For measuring commercial real estate progress for women in the industry, a recent study found that though the income differences between men and women are shrinking, a significant income gap still exists. Last year, the median total annual compensation, including bonuses, compensation and profit sharing, was $150,000 for men and $115,000 for women in commercial real estate, according to CREW Network.
This latest report is from the release of a third comprehensive benchmark study, CREW Network. CREW Network has measured women’s progress in commercial real estate for more than 10 years. The project has been supported by CBRE, premier underwriter of the 2005, 2010 and 2015 reports.
According to the findings, the income gap widens with years of experience and position, with the difference most pronounced between women and men in the C-Suite and within the brokerage and development specializations. In the C-Suite positions, men continue to outnumber women (17% of men surveyed versus 9% of women).
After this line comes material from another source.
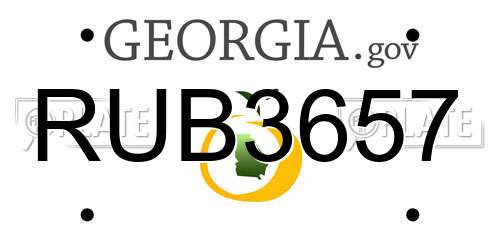 RUB3657 Georgia License Plate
However, women today in commercial real estate are closer to the C-Suite than ever. The study showed that more senior-level or higher roles were filled by women in 2015, with the exception of Brokerage/Sales/Leasing.
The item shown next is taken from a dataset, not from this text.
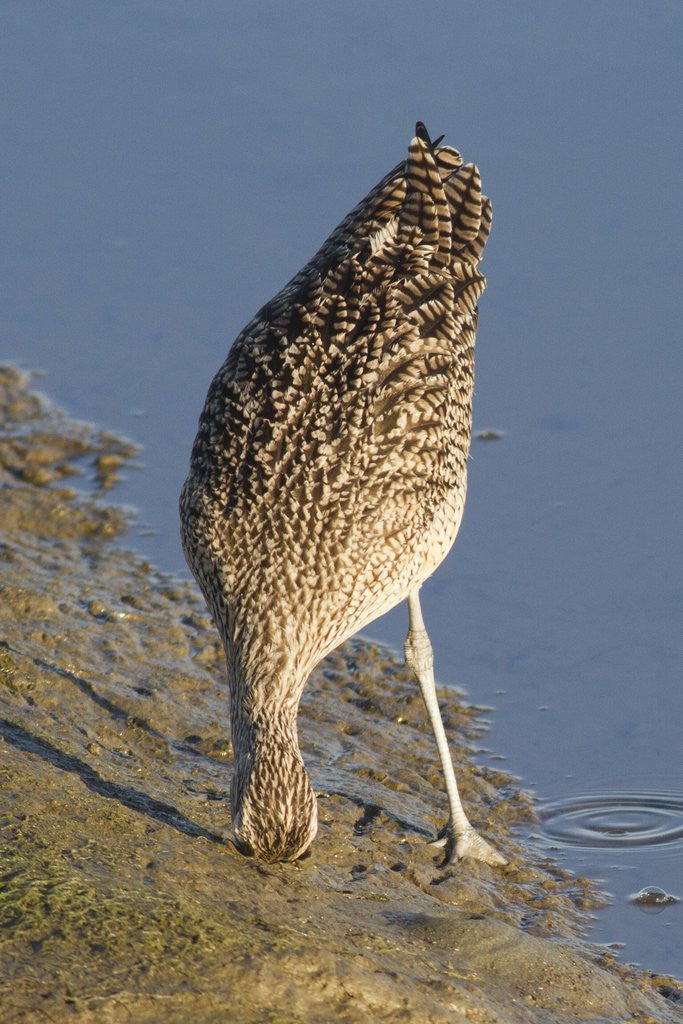 Detail of Long-Billed Curlew with bill buried in the mud by Anonymous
In 2015 the percentage of women with direct reports was equal to that of men. While men’s direct reports were evenly split on the basis of gender, 62% of the direct reports to women managers were also women, according to the study.
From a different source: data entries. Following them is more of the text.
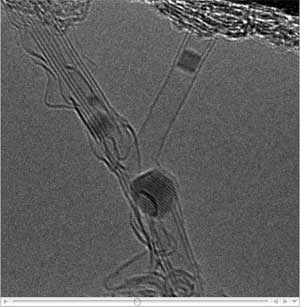 y-junction plumbing nanotubes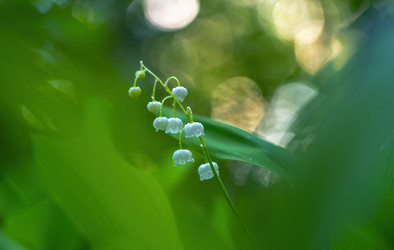 Similar image 21440993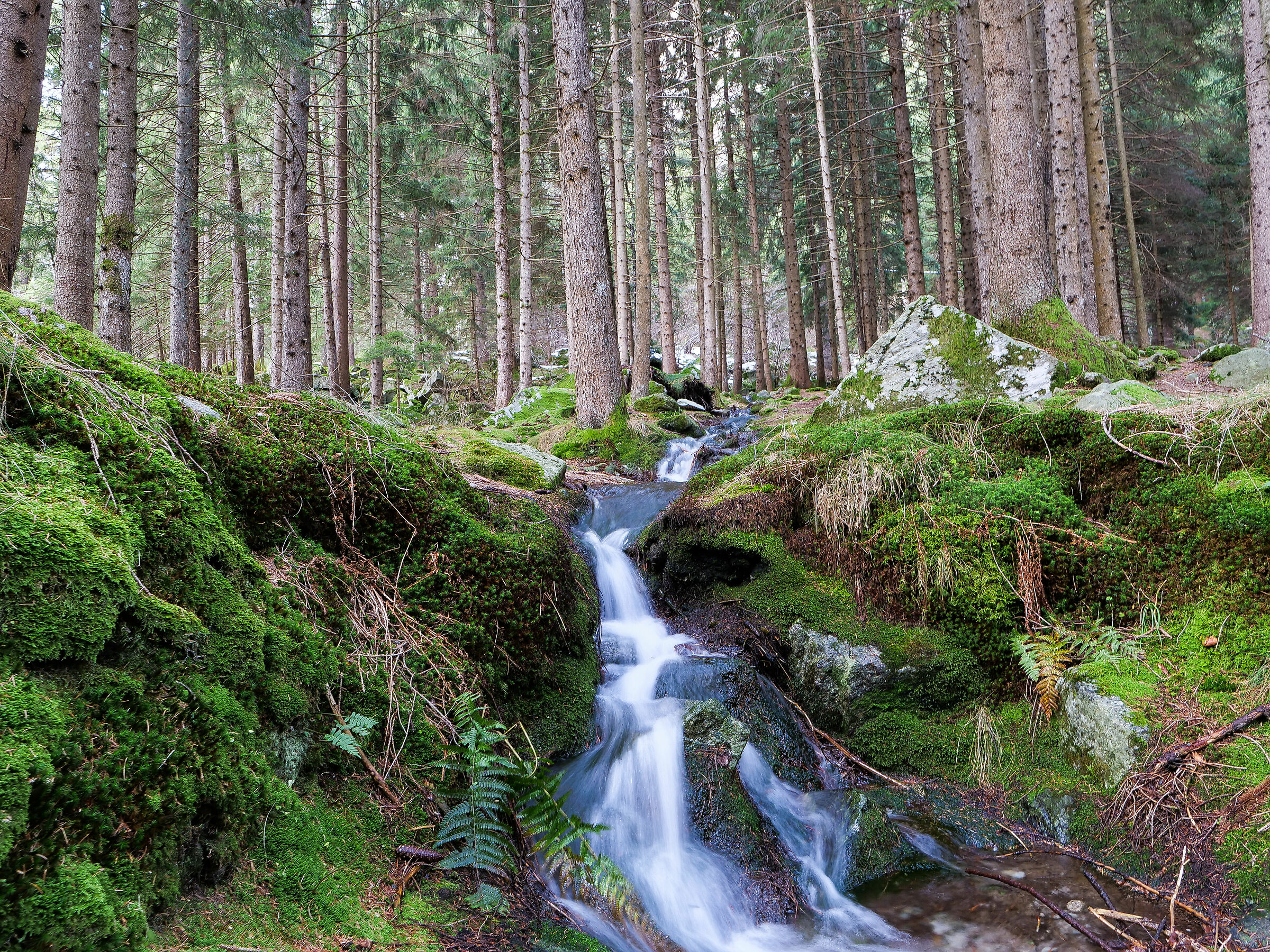 Protected from the snow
The report also indicated that between 2010 and 2015, gains were also reported for women in their satisfaction with work/life balance in their lives. For men, responses regarding work/life balance have generally remained constant since 2005. Overall, women are less satisfied than men with the job factors they consider most important, including job enjoyment, time spent with family, and maximizing earnings potential, the study revealed.
In summary, the largest inequalities are found with the income gap and the low numbers of women in C-Suite positions. The report also showed that negotiation skills remain important in the industry, however there was a new finding suggesting that action is required at the corporate management level to address the persistent bias against female advancement.
It is important for us in the commercial real estate industry to continue to support women in our space, by bringing awareness to the opportunities available in the field. Be sure to support fellow peers and newcomers to this sector, as the first years can be challenging for anyone. There are local universities and businesses within the community which also take pro-active approaches. There are also national and larger commerical real esate firms which offer support to women.